Provided records:
------------------------------------------------------------
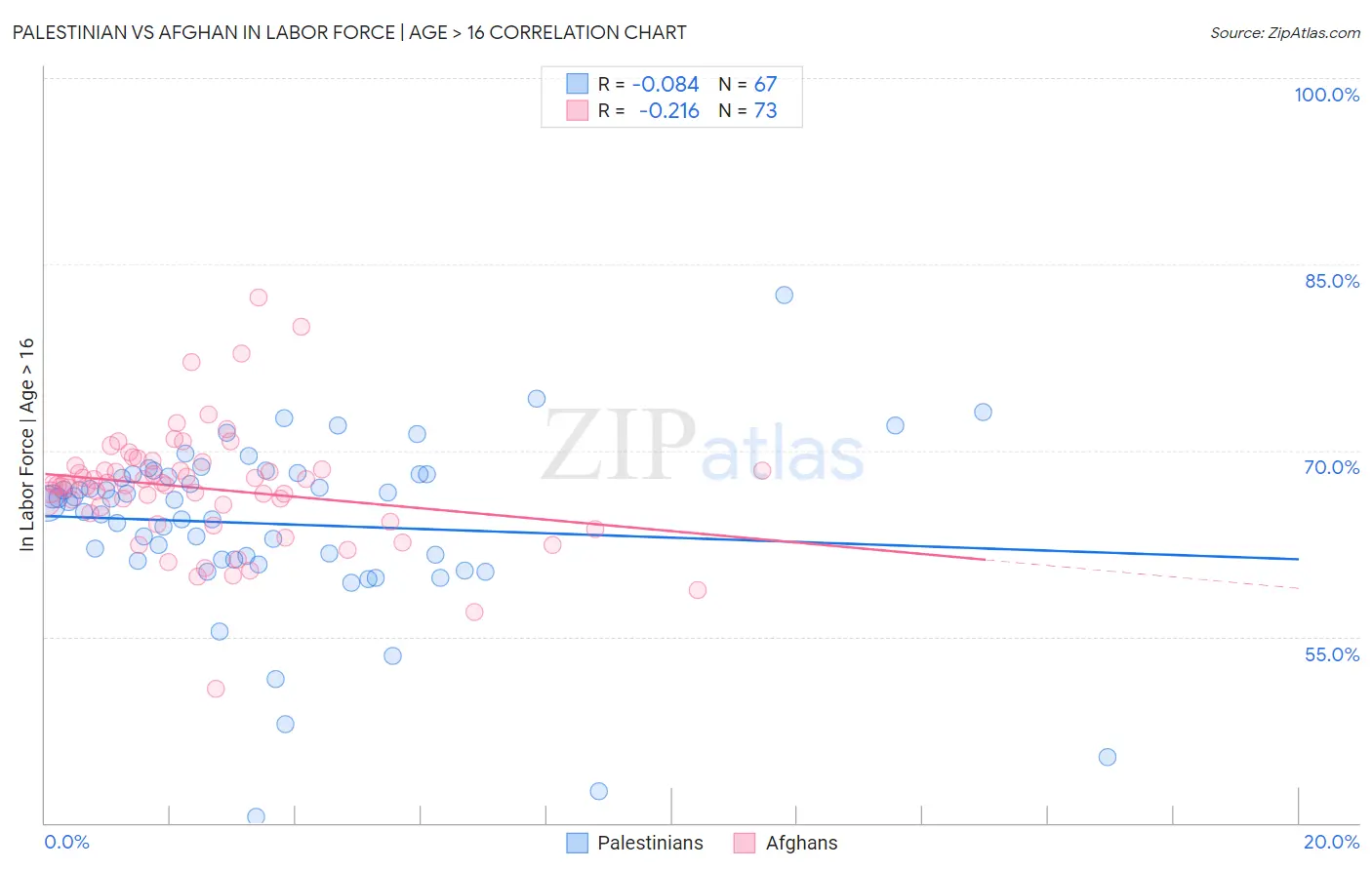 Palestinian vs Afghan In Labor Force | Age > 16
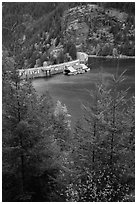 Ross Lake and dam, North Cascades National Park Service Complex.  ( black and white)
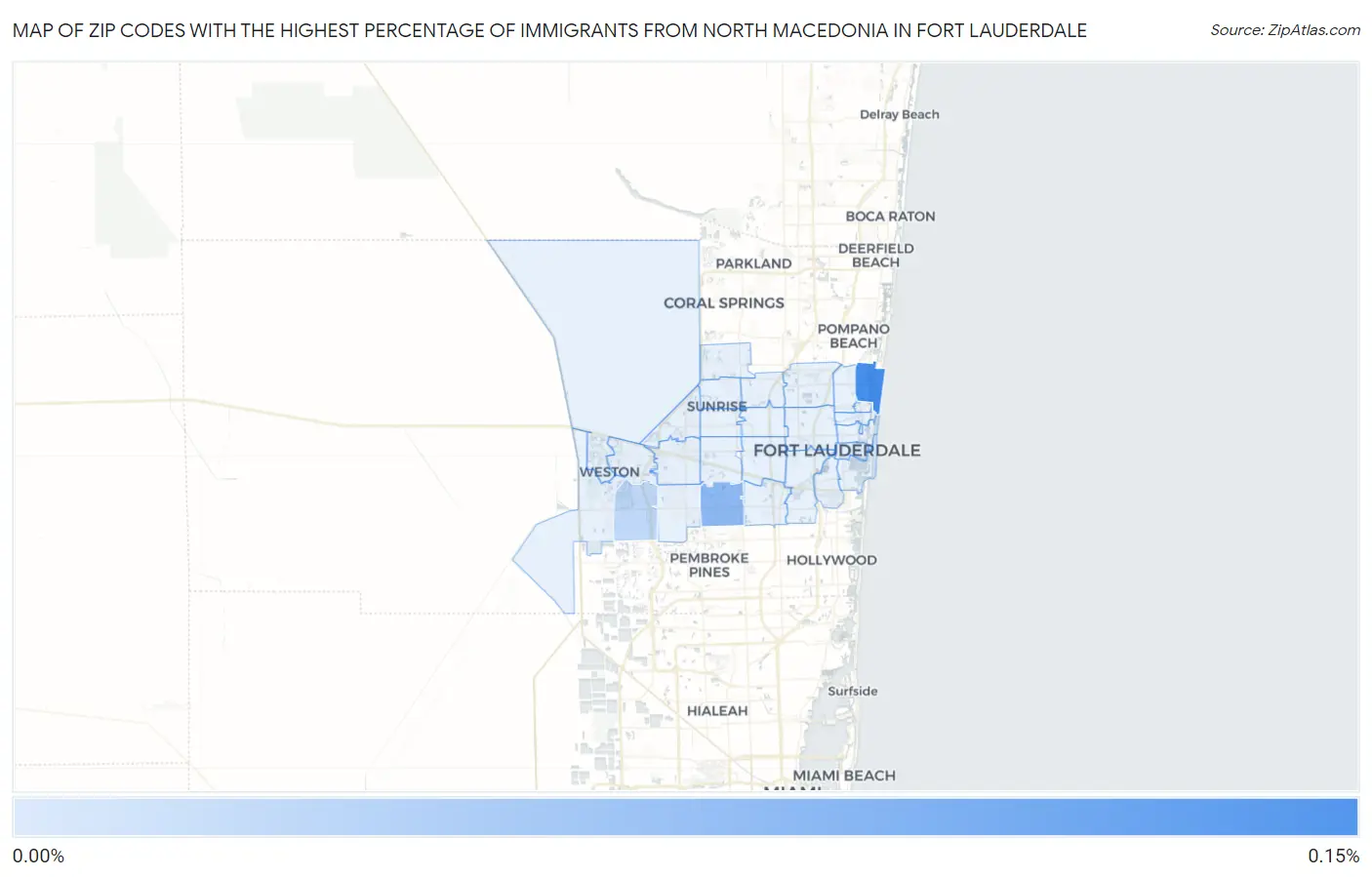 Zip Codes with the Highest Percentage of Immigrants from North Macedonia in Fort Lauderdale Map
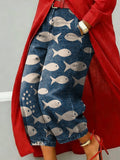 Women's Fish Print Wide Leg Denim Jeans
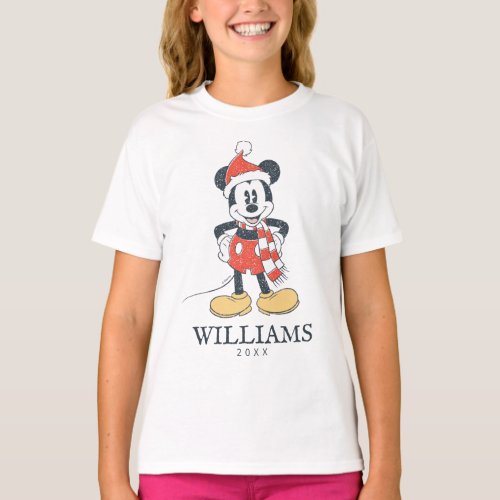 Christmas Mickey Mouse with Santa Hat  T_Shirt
------------------------------------------------------------
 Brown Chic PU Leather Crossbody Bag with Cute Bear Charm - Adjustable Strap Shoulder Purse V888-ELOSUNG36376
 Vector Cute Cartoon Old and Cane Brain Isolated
------------------------------------------------------------
Work item: If a line in the records holds the string "Cute", copy it.

Reply to the exercise:
 Brown Chic PU Leather Crossbody Bag with Cute Bear Charm - Adjustable Strap Shoulder Purse V888-ELOSUNG36376
 Vector Cute Cartoon Old and Cane Brain Isolated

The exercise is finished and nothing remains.